> **Source records**:
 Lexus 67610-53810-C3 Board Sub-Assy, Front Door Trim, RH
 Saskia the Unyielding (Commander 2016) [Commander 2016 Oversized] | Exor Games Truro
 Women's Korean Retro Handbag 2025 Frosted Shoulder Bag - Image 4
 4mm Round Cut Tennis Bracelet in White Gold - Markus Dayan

...

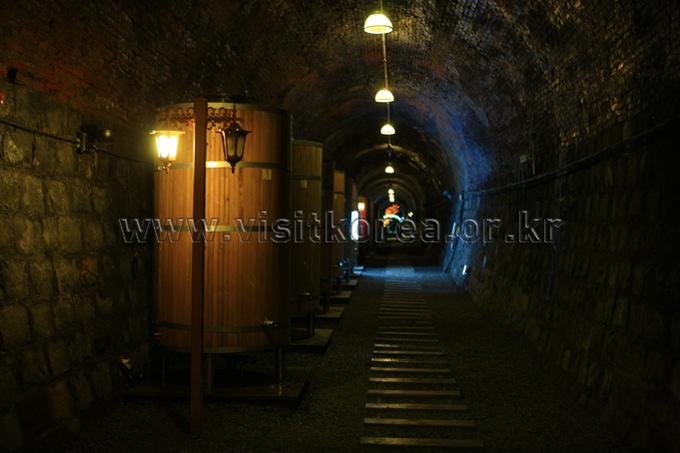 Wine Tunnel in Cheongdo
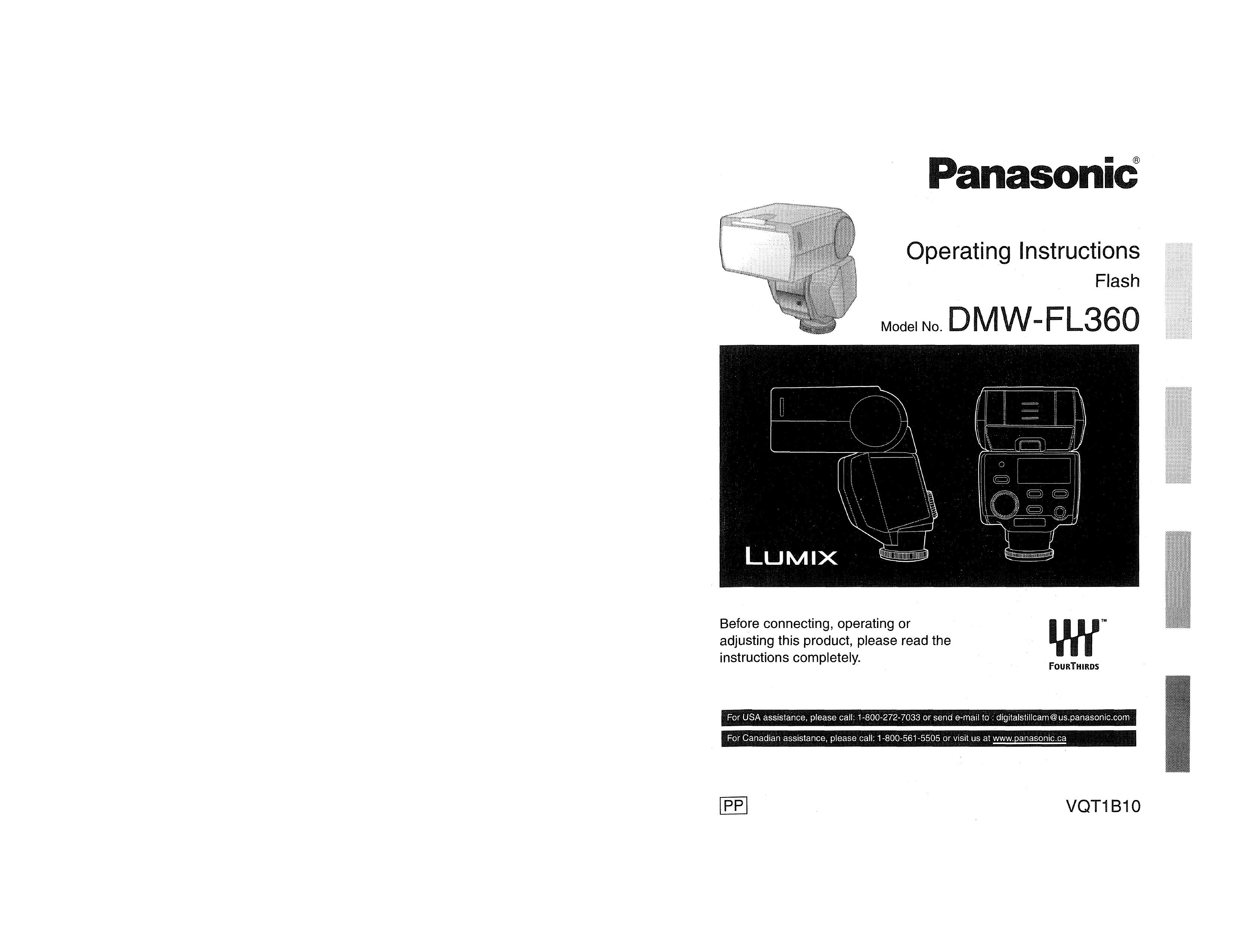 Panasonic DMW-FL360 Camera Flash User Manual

* * *

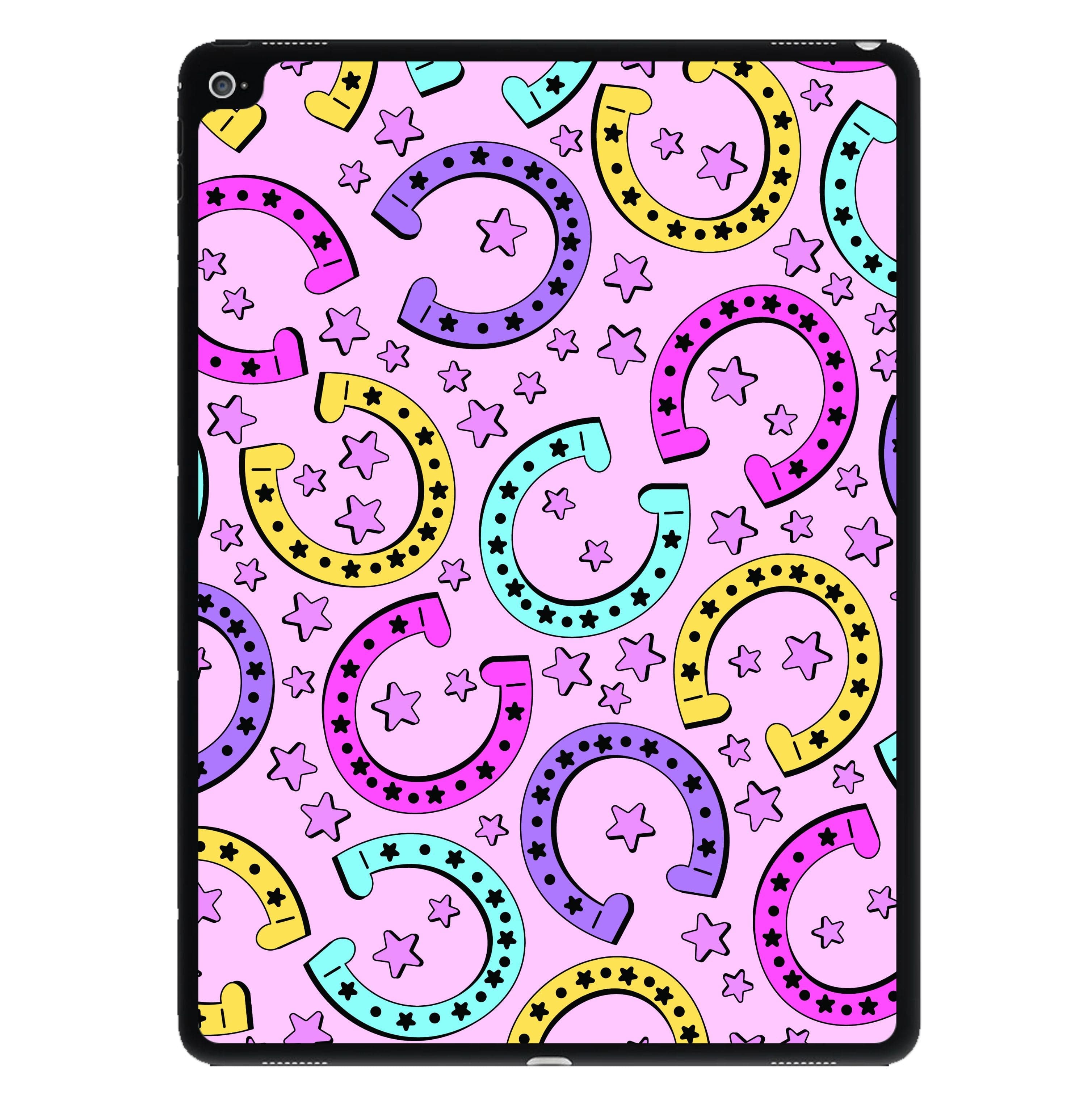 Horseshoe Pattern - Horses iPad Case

> **What the task requires**: Print only what lies in the material above starting at the line with "Saskia the Unyielding" and ending at the line with "4mm Round Cut", every line exactly as given.

> **Task result**:
 Saskia the Unyielding (Commander 2016) [Commander 2016 Oversized] | Exor Games Truro
 Women's Korean Retro Handbag 2025 Frosted Shoulder Bag - Image 4
 4mm Round Cut Tennis Bracelet in White Gold - Markus Dayan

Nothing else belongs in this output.